On November 16, 1902, Brooklyn toymaker Morris Michton named the teddy bear after US President Teddy Roosevelt. From the article:
"Who Invented the Teddy Bear?
One of the world’s most beloved toys was named in honor of President Theodore Roosevelt, after he refused to shoot a bear during a Mississippi hunting trip in November 1902. During the trip, guides clubbed a bear and tied it to a tree then invited the president to shoot it. Instead, Roosevelt, an avid outdoorsman and hunter, declined, saying it would be unsportsmanlike to kill a defenseless animal that way.
The incident generated national attention and was depicted in a popular political cartoon by Clifford Berryman. (According to some sources, the newspaper cartoon, titled “Drawing the Line in Mississippi,” was a reference not just to Roosevelt’s refusal to shoot the bruin but also to his handling of a boundary dispute between Mississippi and Louisiana.
Other sources have suggested the cartoon was a comment on the president’s progressive stance on race relations.) Inspired by the cartoon, Brooklyn, New York, shopkeeper Morris Michtom and his wife Rose made a stuffed fabric bear in honor of America’s 26th commander-in-chief and displayed it with a sign, “Teddy’s bear,” in their store window, where it attracted interest from customers. After reportedly writing to the president and getting permission to use his name for their creation, the Michtoms went on to start a successful company that manufactured teddy bears and other toys.

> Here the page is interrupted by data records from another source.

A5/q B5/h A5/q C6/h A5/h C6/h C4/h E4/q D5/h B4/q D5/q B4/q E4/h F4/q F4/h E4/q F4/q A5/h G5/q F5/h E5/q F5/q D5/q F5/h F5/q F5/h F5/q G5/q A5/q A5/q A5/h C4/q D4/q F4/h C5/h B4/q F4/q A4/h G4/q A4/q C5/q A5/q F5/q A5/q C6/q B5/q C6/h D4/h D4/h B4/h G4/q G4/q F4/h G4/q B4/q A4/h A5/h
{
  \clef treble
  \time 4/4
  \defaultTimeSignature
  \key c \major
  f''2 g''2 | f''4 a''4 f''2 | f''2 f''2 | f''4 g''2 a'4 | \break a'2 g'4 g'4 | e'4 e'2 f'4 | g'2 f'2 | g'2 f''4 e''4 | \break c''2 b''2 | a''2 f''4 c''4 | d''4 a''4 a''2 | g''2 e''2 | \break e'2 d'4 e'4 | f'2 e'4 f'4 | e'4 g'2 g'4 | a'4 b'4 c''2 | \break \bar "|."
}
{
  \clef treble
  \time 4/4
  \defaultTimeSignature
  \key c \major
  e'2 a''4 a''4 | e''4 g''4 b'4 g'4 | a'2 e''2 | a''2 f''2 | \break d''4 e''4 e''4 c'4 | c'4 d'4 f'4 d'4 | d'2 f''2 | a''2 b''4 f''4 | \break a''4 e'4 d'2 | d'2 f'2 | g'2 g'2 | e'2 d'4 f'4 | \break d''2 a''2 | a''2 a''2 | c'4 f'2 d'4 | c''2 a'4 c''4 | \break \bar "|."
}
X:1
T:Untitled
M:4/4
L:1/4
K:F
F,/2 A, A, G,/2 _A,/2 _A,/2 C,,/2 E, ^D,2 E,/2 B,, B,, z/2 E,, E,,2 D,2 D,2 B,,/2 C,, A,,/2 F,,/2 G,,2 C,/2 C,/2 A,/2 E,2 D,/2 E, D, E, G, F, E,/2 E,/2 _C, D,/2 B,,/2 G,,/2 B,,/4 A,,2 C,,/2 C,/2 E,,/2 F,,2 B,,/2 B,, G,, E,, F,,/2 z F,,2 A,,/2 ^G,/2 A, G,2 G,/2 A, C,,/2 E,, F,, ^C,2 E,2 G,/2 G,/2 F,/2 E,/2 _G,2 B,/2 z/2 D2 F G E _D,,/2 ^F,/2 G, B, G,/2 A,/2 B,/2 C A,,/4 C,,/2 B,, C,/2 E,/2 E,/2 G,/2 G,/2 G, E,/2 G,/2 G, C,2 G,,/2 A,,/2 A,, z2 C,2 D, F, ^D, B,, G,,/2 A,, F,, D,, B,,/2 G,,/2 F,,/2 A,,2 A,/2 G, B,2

Meanwhile, around the same time the Michtoms developed their bear, a German company founded in 1880 by seamstress Margarete Steiff began making a plush bruin of its own. Designed in 1902 by Steiff’s nephew Richard, who modeled it after real-life bears he’d sketched at the zoo, the mohair bear with jointed limbs debuted at a German toy fair in 1903.

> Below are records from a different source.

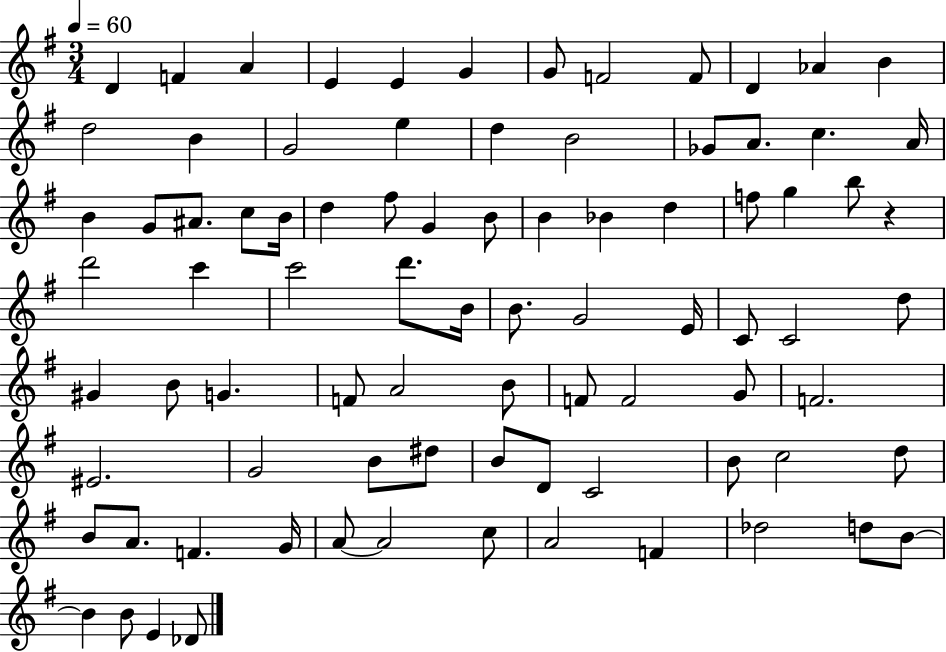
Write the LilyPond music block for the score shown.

{
  \clef treble
  \numericTimeSignature
  \time 3/4
  \key g \major
  \tempo 4 = 60
  d'4 f'4 a'4 | e'4 e'4 g'4 | g'8 f'2 f'8 | d'4 aes'4 b'4 | \break d''2 b'4 | g'2 e''4 | d''4 b'2 | ges'8 a'8. c''4. a'16 | \break b'4 g'8 ais'8. c''8 b'16 | d''4 fis''8 g'4 b'8 | b'4 bes'4 d''4 | f''8 g''4 b''8 r4 | \break d'''2 c'''4 | c'''2 d'''8. b'16 | b'8. g'2 e'16 | c'8 c'2 d''8 | \break gis'4 b'8 g'4. | f'8 a'2 b'8 | f'8 f'2 g'8 | f'2. | \break eis'2. | g'2 b'8 dis''8 | b'8 d'8 c'2 | b'8 c''2 d''8 | \break b'8 a'8. f'4. g'16 | a'8~~ a'2 c''8 | a'2 f'4 | des''2 d''8 b'8~~ | \break b'4 b'8 e'4 des'8 | \bar "|."
} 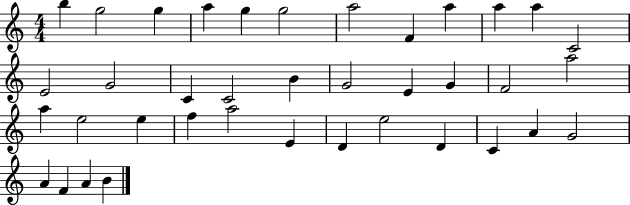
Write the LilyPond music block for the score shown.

{
  \clef treble
  \numericTimeSignature
  \time 4/4
  \key c \major
  b''4 g''2 g''4 | a''4 g''4 g''2 | a''2 f'4 a''4 | a''4 a''4 c'2 | \break e'2 g'2 | c'4 c'2 b'4 | g'2 e'4 g'4 | f'2 a''2 | \break a''4 e''2 e''4 | f''4 a''2 e'4 | d'4 e''2 d'4 | c'4 a'4 g'2 | \break a'4 f'4 a'4 b'4 | \bar "|."
} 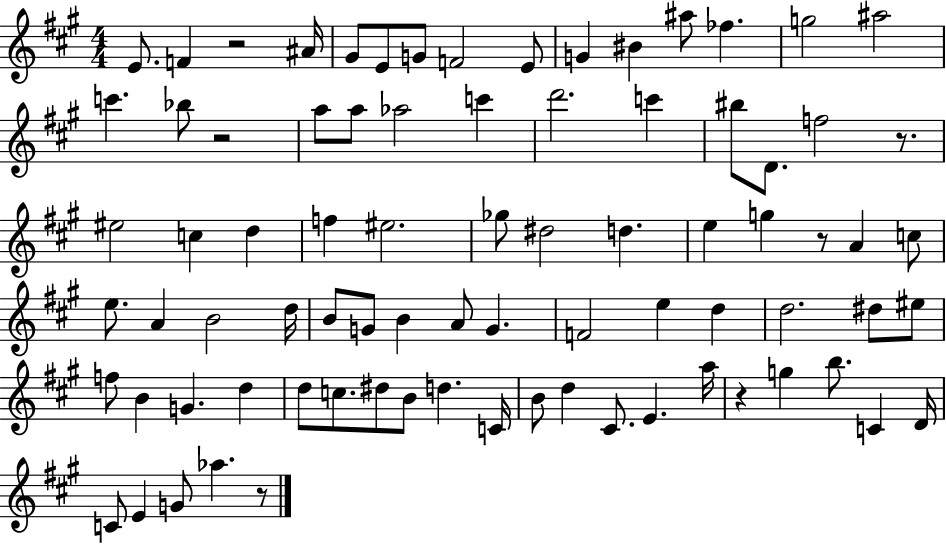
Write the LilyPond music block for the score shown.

{
  \clef treble
  \numericTimeSignature
  \time 4/4
  \key a \major
  e'8. f'4 r2 ais'16 | gis'8 e'8 g'8 f'2 e'8 | g'4 bis'4 ais''8 fes''4. | g''2 ais''2 | \break c'''4. bes''8 r2 | a''8 a''8 aes''2 c'''4 | d'''2. c'''4 | bis''8 d'8. f''2 r8. | \break eis''2 c''4 d''4 | f''4 eis''2. | ges''8 dis''2 d''4. | e''4 g''4 r8 a'4 c''8 | \break e''8. a'4 b'2 d''16 | b'8 g'8 b'4 a'8 g'4. | f'2 e''4 d''4 | d''2. dis''8 eis''8 | \break f''8 b'4 g'4. d''4 | d''8 c''8. dis''8 b'8 d''4. c'16 | b'8 d''4 cis'8. e'4. a''16 | r4 g''4 b''8. c'4 d'16 | \break c'8 e'4 g'8 aes''4. r8 | \bar "|."
}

A buyer for a U.S. toy company placed a large order for the stuffed creatures, and Steiff bears (which in 1906 officially became known as teddy bears) quickly became popular and helped drive an international teddy bear craze. Other companies soon began turning out teddy bears of their own. More than a century later, Steiff continues to make stuffed toy bears, and its vintage teddy bears are prized by collectors, commanding steep prices at auctions."